Policy-as-Code with OPA and Rego

Policy is one of those things that accumulates like technical debt. You start with a note in the wiki: "all Deployments need resource limits." Then someone's container OOMs a node and takes down unrelated workloads, and now the note is a strongly worded Slack message. Then it's a checklist in your PR template. Then it's a comment in a Terraform module. Eventually it's scattered across five different places and enforced by none of them.

Open Policy Agent (OPA) is the answer I actually use to this problem.

What OPA Is

OPA is a general-purpose policy engine. You write policies in Rego (a declarative query language), and OPA evaluates them against arbitrary JSON data. That's it. The power comes from the fact that Kubernetes resource manifests are JSON, Terraform plans are JSON, HTTP request/response bodies are JSON. OPA doesn't care — it just evaluates your policies against whatever data you feed it.
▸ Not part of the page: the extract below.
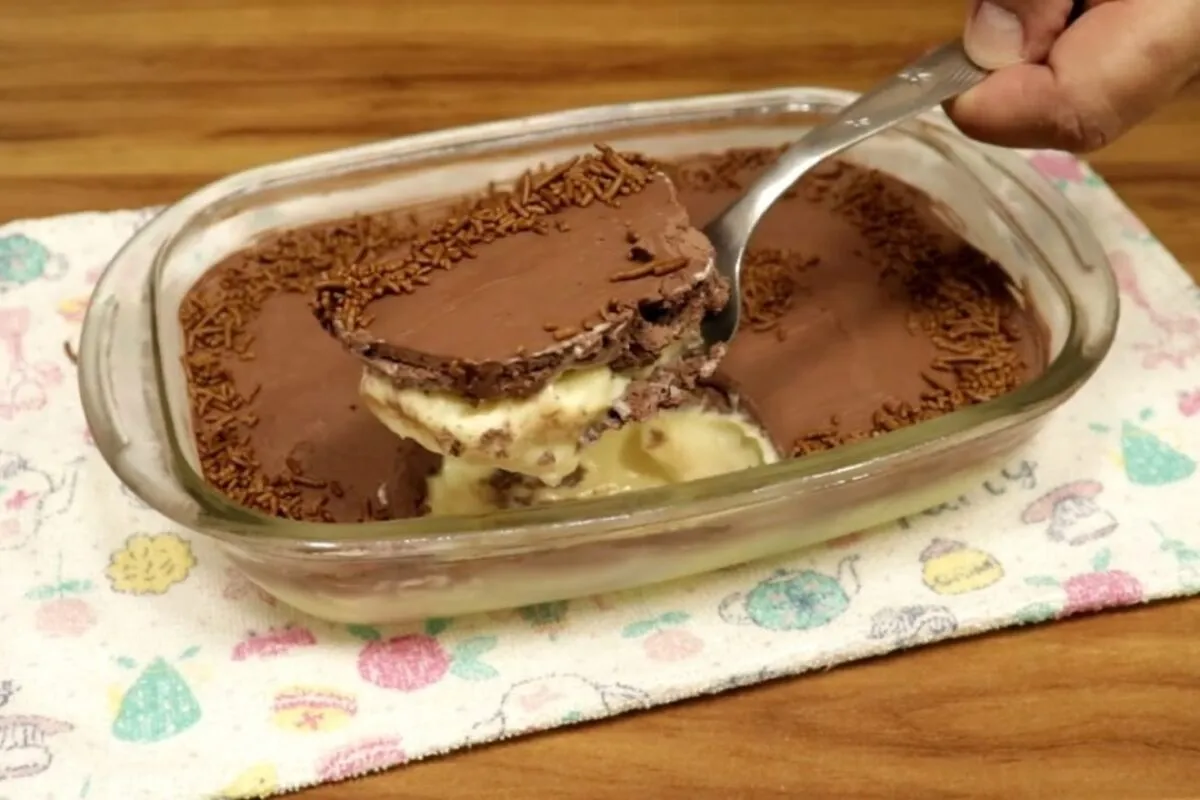 Sobremesa Gelada simples, que fica muito leve e irresistível para você servir nos dias de calor e surpreender todos os seus convidados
There are two main integration points I use: Conftest for CI-time checks against files, and Gatekeeper for in-cluster enforcement.

Updated March 2026: OPA v1.0 shipped in early 2025 with significant changes to Rego itself — what's now called "Rego v1." The biggest visible change is that future.keywords imports are no longer needed (they were already required in newer v0.x versions), import rego.v1 is the standard way to opt in, and some syntax that was soft-deprecated in v0.x is now removed. The policy examples in this post use the v0.x style current as of early 2021. I've noted where Rego v1 differs.

Rego Basics

Rego is not like any language you've used before. It's closer to Datalog than to Go or Python. Rules evaluate to true or false (or a value), and you build up complex policies from composable rules. The mental model shift: you're not writing imperative logic, you're writing logical statements that must all be true.

A simple rule:

package kubernetes.deployment

# A rule that produces a denial message
deny[msg] {
    input.kind == "Deployment"
    container := input.spec.template.spec.containers[_]
    not container.resources.limits.cpu
    msg := sprintf("container '%s' has no CPU limit", [container.name])
}

Breaking this down: deny[msg] defines a set called deny. The rule body is a conjunction — all conditions must be true for the rule to fire. input is the document being evaluated (the Deployment manifest). containers[_] iterates over all containers. If any container is missing a CPU limit, a message is added to the deny set. If deny is non-empty, the policy fails.

Sets and Comprehensions

# Collect all container names missing memory limits
missing_memory_limits := {name |
    container := input.spec.template.spec.containers[_]
    not container.resources.limits.memory
    name := container.name
}

This is a set comprehension — it builds the set of container names where the condition holds. I use this pattern constantly to collect violations before summarizing them.

Conftest: Policy in CI

Conftest is a CLI tool that runs OPA policies against config files. I use it to check Kubernetes manifests and Terraform plans before they ever reach the cluster.

# Test a manifest
conftest test deployment.yaml --policy ./policies/

# Test a Terraform plan
terraform plan -out=tfplan.binary
terraform show -json tfplan.binary > tfplan.json
conftest test tfplan.json --policy ./policies/terraform/

The policy structure I use:

policies/
  kubernetes/
    deployments.rego
    deployments_test.rego
  terraform/
    aws_rds.rego
    aws_rds_test.rego

A Real Policy: Resource Limits Required

package kubernetes.deployment

import future.keywords.in

deny[msg] {
    input.kind == "Deployment"
    container := input.spec.template.spec.containers[_]
    missing := missing_limits(container)
    count(missing) > 0
    msg := sprintf(
        "container '%s' is missing resource limits: %v",
        [container.name, missing],
    )
}

missing_limits(container) := limits {
    required := {"cpu", "memory"}
    have := {k | _ := container.resources.limits[k]}
    limits := required - have
}

Updated March 2026: In Rego v1, replace import future.keywords.in with import rego.v1. The rest of this policy is valid Rego v1.

Writing Rego Tests

This is non-negotiable. Rego is dense enough that untested policies will surprise you.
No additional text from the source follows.